_Extracted data_
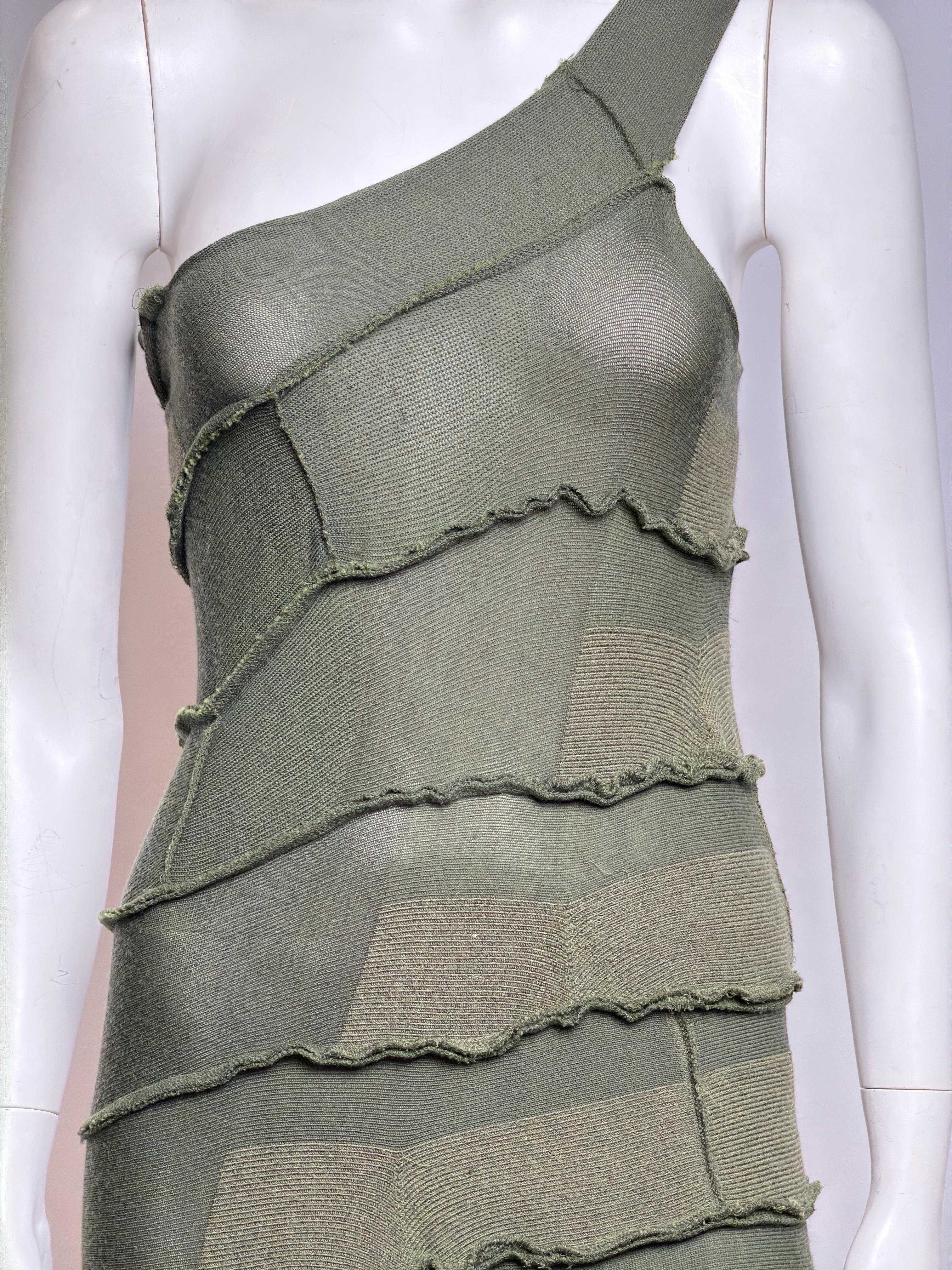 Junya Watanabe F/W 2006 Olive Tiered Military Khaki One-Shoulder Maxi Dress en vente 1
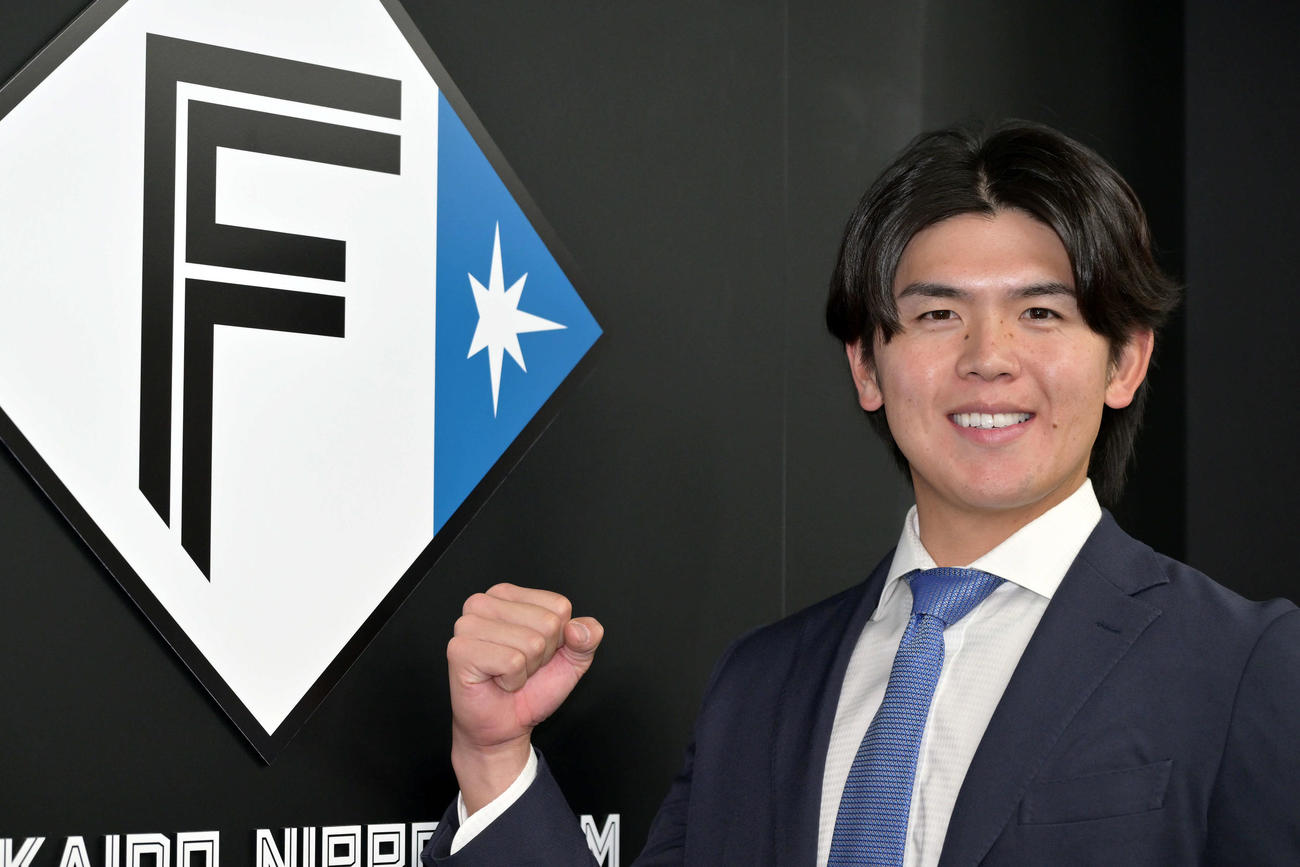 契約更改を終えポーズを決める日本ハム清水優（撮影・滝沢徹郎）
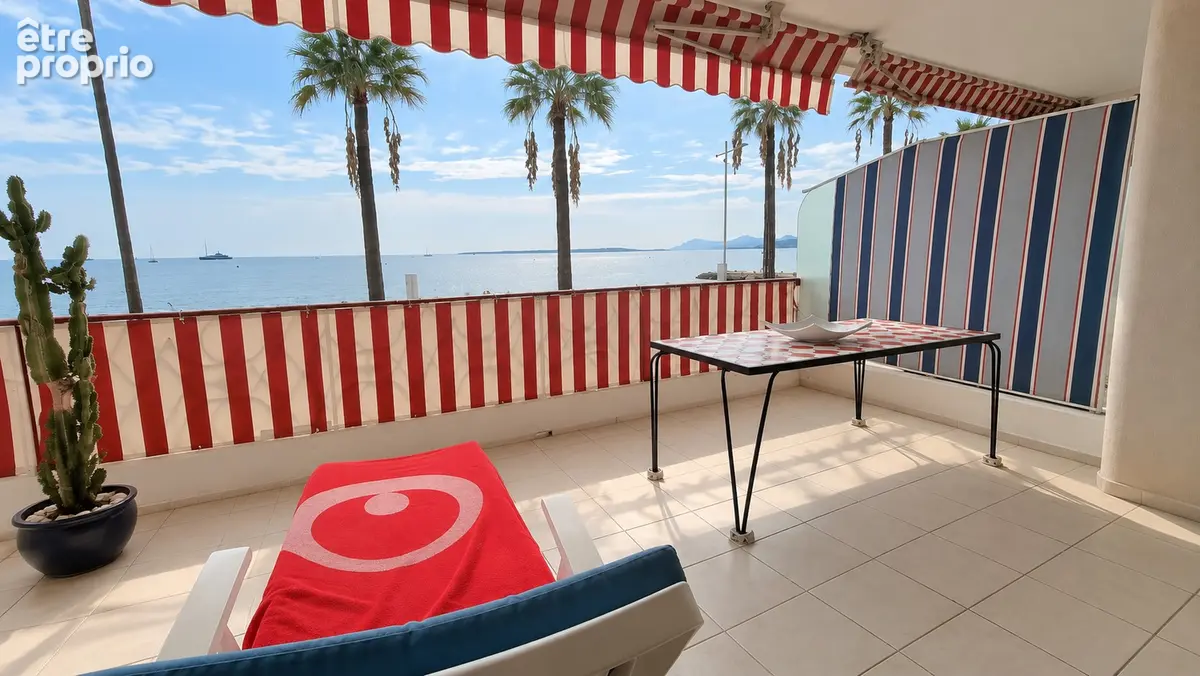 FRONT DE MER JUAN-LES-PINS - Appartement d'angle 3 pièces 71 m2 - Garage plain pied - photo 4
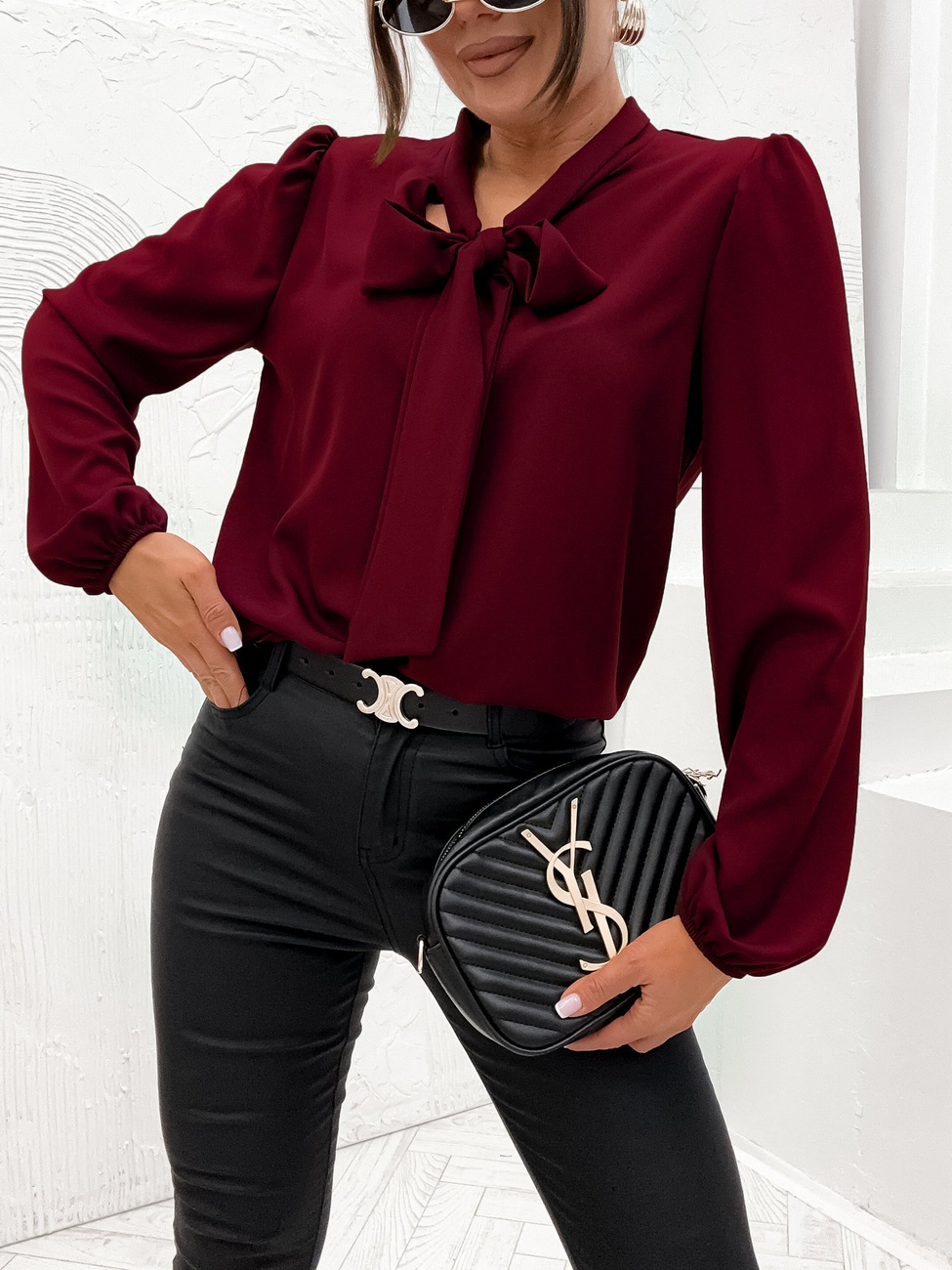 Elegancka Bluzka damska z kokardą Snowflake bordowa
* * *
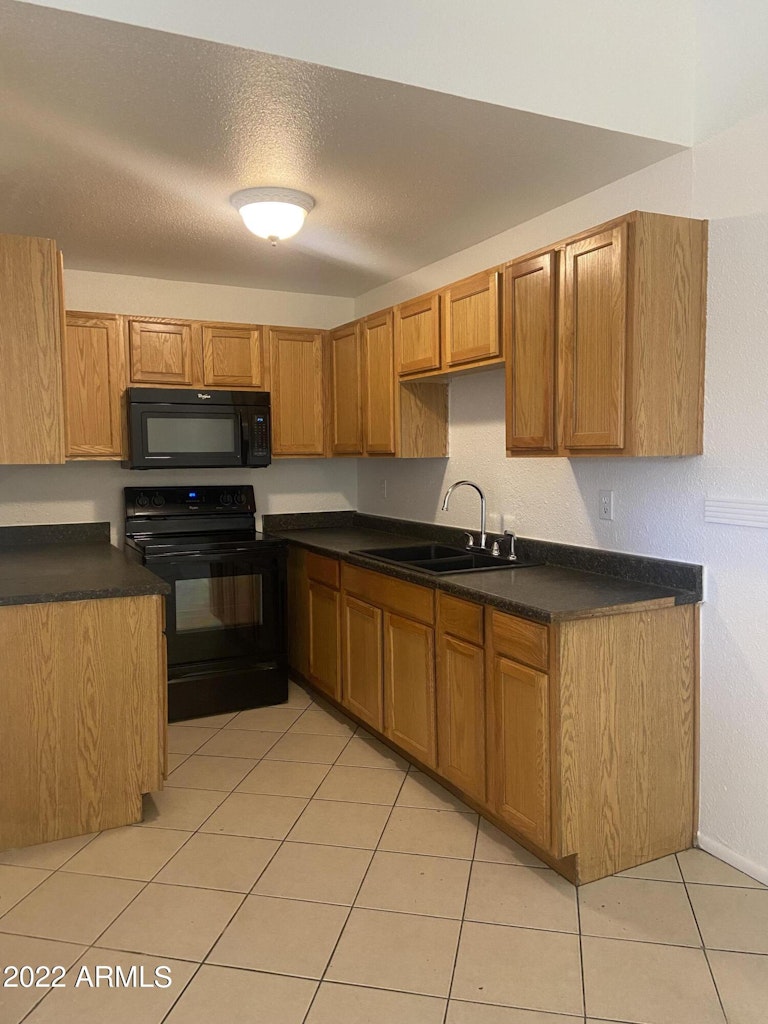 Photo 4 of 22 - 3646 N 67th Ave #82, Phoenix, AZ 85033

_Problem description_
From the records above, extract the lines from the one holding "FRONT DE MER" through the one holding "Elegancka Bluzka damska", word for word; omit the pictures.

_Result of the task_
 FRONT DE MER JUAN-LES-PINS - Appartement d'angle 3 pièces 71 m2 - Garage plain pied - photo 4
 Elegancka Bluzka damska z kokardą Snowflake bordowa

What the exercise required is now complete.